Krass Christen back in Anderson_s Bar, Drum. Photo by Peter Erickson.jpg

Krass relives a cruel beauty

Damian McCarney

Time’s harmonising at this moment. Krass Clement stands in the gloom of a derelict bar. His features are halflit from projections of his black and white images filling an entire wall. Krass is studying the photos he took in this very bar in Drum a quarter of a century earlier, when it was still open.

Anderson’s bar was the most sparten of rooms. There were no draught taps, instead the images show sullen faced men supping porter from bottles and half glasses. Men alone occupied the wooden stools and benches. The pub’s smoke stained walls, bare of pictures, and timber floor echo the melancholy of the patrons. Whilst they may share the room, the images would have you believe they seldom share company, they’re together in their isolation.

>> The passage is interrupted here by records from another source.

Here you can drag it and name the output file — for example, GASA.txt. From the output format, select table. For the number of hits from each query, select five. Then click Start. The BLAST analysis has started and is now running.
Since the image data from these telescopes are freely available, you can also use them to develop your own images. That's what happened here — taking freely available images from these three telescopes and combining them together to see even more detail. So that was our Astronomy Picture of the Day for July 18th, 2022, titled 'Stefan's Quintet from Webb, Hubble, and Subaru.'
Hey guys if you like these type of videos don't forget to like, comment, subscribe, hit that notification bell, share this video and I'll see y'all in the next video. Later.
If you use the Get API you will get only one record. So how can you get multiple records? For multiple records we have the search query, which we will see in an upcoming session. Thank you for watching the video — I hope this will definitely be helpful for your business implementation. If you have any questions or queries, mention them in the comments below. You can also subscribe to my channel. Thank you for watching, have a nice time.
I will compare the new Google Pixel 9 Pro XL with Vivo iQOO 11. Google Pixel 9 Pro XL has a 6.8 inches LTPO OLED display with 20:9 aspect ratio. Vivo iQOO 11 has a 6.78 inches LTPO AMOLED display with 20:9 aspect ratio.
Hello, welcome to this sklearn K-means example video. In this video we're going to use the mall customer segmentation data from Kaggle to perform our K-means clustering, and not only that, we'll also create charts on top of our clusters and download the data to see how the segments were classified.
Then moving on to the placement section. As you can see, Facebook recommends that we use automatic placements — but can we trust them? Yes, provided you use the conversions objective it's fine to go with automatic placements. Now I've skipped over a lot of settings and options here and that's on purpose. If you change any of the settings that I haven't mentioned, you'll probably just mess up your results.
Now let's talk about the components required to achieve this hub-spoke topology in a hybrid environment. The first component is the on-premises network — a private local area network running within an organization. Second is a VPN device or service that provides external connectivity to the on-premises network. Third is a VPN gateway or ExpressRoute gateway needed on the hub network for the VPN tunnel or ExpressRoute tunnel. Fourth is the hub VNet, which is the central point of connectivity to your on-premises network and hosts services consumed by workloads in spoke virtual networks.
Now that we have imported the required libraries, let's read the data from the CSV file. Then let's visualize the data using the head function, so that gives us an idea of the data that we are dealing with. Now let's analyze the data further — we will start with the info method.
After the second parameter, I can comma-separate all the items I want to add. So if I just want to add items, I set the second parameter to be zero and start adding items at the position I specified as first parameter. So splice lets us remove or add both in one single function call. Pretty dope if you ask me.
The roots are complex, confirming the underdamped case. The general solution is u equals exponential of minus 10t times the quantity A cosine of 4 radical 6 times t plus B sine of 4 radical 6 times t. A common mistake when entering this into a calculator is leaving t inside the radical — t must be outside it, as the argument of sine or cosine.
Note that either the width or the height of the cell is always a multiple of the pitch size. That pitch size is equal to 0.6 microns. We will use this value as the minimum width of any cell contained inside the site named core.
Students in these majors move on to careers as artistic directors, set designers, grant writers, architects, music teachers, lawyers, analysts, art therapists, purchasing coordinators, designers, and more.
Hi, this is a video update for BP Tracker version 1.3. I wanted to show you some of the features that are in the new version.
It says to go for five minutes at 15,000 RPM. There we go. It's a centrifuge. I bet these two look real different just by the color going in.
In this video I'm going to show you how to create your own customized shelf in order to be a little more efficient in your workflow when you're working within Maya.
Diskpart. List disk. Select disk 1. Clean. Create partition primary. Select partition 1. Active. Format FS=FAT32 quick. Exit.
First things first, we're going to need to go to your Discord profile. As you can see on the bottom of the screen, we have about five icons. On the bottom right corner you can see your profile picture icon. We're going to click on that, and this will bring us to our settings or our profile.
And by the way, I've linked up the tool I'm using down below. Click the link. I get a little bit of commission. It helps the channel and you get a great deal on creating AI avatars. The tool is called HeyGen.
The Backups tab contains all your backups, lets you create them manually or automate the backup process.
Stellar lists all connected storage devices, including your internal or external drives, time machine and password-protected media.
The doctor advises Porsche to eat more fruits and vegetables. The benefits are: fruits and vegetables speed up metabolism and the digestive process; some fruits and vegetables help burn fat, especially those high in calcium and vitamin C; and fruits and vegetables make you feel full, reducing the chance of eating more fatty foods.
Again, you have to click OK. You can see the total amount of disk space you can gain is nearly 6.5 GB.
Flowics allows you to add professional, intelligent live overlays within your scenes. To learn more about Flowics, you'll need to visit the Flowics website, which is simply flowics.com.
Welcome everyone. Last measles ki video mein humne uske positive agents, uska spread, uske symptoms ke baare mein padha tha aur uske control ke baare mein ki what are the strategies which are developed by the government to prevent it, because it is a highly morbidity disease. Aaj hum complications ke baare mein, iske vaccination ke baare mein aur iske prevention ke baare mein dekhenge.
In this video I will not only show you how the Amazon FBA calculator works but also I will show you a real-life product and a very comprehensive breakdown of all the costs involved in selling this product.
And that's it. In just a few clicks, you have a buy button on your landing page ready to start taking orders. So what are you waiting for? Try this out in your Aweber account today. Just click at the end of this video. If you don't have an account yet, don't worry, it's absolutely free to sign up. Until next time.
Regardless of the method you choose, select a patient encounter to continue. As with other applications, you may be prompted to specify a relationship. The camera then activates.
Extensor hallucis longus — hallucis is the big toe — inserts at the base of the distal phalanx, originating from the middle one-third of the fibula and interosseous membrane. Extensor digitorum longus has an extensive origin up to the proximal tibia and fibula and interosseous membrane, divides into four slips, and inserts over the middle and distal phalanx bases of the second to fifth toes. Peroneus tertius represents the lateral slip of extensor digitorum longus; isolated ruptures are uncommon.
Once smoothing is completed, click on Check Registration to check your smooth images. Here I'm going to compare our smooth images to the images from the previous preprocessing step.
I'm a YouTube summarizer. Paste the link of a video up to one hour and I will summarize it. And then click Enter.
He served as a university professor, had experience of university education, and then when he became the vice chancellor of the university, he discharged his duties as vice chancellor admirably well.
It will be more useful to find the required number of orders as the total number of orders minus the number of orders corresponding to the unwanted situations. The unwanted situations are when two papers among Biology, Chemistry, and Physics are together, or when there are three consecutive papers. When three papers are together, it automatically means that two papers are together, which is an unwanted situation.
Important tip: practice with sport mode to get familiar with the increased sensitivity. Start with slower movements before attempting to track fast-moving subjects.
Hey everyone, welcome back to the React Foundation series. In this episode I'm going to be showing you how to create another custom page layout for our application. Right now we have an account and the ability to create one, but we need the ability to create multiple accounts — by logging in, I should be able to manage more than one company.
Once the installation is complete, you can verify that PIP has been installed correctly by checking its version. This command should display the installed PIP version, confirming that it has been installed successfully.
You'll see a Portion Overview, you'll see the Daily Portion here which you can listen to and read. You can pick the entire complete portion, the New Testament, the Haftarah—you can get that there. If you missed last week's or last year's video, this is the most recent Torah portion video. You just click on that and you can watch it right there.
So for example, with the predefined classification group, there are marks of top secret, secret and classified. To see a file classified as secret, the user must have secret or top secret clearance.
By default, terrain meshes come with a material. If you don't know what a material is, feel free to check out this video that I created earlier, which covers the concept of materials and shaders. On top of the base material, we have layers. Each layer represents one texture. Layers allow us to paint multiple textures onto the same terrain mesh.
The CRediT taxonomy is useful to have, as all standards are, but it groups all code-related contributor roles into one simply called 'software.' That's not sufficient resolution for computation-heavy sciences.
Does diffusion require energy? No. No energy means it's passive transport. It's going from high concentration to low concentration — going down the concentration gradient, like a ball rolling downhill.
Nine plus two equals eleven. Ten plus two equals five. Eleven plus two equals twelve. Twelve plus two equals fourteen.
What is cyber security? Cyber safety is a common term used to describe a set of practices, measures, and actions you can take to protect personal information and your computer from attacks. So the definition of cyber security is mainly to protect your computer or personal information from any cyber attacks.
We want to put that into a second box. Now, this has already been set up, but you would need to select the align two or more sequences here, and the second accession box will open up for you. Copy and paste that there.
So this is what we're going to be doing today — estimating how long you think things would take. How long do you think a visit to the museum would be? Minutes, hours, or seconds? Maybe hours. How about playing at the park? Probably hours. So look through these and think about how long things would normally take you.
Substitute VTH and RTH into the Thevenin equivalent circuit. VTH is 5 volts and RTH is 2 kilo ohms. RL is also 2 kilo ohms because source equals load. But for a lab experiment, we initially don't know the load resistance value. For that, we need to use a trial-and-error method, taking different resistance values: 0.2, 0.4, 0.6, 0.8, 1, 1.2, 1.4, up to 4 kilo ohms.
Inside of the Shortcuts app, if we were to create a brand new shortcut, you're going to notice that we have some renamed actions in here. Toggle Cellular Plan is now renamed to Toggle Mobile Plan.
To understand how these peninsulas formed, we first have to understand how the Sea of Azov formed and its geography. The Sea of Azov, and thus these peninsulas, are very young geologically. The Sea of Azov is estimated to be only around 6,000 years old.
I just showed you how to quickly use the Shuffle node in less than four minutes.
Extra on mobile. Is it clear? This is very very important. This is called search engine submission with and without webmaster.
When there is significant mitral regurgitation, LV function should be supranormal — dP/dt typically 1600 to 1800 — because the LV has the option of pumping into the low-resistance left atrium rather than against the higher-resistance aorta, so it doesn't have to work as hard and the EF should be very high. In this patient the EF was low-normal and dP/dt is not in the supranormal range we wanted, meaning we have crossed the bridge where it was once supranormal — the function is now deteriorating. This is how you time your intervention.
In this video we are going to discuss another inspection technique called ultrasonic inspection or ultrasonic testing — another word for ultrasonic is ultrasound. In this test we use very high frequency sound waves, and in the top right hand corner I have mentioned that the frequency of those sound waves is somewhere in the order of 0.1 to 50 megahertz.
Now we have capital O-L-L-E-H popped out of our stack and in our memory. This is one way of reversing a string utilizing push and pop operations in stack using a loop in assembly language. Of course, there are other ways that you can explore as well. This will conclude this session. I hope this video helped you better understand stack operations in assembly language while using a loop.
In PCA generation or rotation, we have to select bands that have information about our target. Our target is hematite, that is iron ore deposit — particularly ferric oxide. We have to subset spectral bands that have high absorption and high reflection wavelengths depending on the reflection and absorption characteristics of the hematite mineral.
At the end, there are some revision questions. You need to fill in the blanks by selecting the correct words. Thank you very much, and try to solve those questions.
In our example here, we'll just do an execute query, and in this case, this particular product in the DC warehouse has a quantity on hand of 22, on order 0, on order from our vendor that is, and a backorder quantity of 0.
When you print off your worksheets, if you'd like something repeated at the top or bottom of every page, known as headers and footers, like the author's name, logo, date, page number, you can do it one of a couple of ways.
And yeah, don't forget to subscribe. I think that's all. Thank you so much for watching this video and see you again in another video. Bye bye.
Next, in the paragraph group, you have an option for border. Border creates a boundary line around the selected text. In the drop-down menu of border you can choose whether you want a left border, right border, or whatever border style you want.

Anderson’s sole concession to comfort, a two-bar heater, is one of the few coordinates to anchor us in the latter half of the 20th century, and not actually on the stage set of Synge’s Playboy. An elderly man with a face creased by toil and time, a torn earlobe, and dusty overcoat lingers for warmth. This sympathetic figure is the focus of many of the photos.
As the photos are projected on the wall some of the features – fireplace, wooden door - almost align with the actual features present before us in the desolate bar. It’s like an eerie double exposure.
Standing in profile, Krass is unreadable. He’s not in reverie, but rather deep concentration. Is he thinking of the old man with the torn ear? Is he reliving that night back in 1991, or considering how the passing years are carrying him ever closer to the images he captured. Maybe he’s less of an outsider to these men now, than he was when he met them. I stop myself from surmising Krass’s thoughts, and instead focus on observing the scene.
“It’s overwhelming,” Krass tells the Celt, who’s apologetic for disturbing him. “I’ve never seen my own pictures in that way, being brought back from where they’ve come. That is really fantastic, and very few photographers will have that experience.
“To come back to this room, I still find this room has something special... but also there’s something ghostly. It’s completely overwhelming.”
Back 26 years ago photographer Krass was on a two month residency at the Tyrone Guthrie Centre in Annamekerrig. He found the other artists perfectly nice, but as a Dane, who even now calls on his wife Annie to help interpret the Celt’s questions, he didn’t feel quite at home.
He had joined a group of the artists as they called into Anderson’s on the Farney side of the countyline, a converted coachhouse dating from the 1780s, and after a drink or two, his companions decided to hit the road. Krass stayed put.
“Even in that decision to stay, it was going to be hugely inconvenient, because he thought he was going to have to walk back to the Tyrone Guthrie Centre,” says Trish Lambe curator in Dublin’s Gallery of Photography, and one of those behind Krass’s current revisiting of Drum. “But something sparked something in Krass that made him want to stay and make this work.”
Armed with his Leica camera and a mere three rolls of film he coaxed the night’s events to seep in through his 35mm lens. The images speak of an effortless authenticity.
“In a way I had no idea to make a book when I took the photographs,” Krass explains.
What was in your thoughts?
“The place - I mean there was a beauty in the place, and there was a drama – but the drama was hidden. You couldn’t see it because it was quiet people – but at the same time there was a lot of things behind that beauty - a cruel beauty in a way.”
Probably the youngest of those in Anderson’s that night was Mervyn Reilly.
“It shows up what 20 or 30 years can do,” he quips with a gentle laugh.
As one of a handful of suvivors who attended Drum hall to meet Krass, Mervyn notes the somber aspect to the photos, as his brother-in-law and many neighbours have since passed.
Whilst the men seldom look towards the camera, Mervyn says that they were aware they were being photographed.
“He wasn’t wasting any time, he was going all the time on his camera.
“We never thought it would go worldwide; there were often ones in taking photographs,” he says.
Surprisingly Mervyn accepts that these austere photos accurately reflect that night. Are they not a little depressing?
“It didn’t seem that way at the time - we were neighbours, we gathered there on a Saturday night and had a good night’s fun and a few drinks.”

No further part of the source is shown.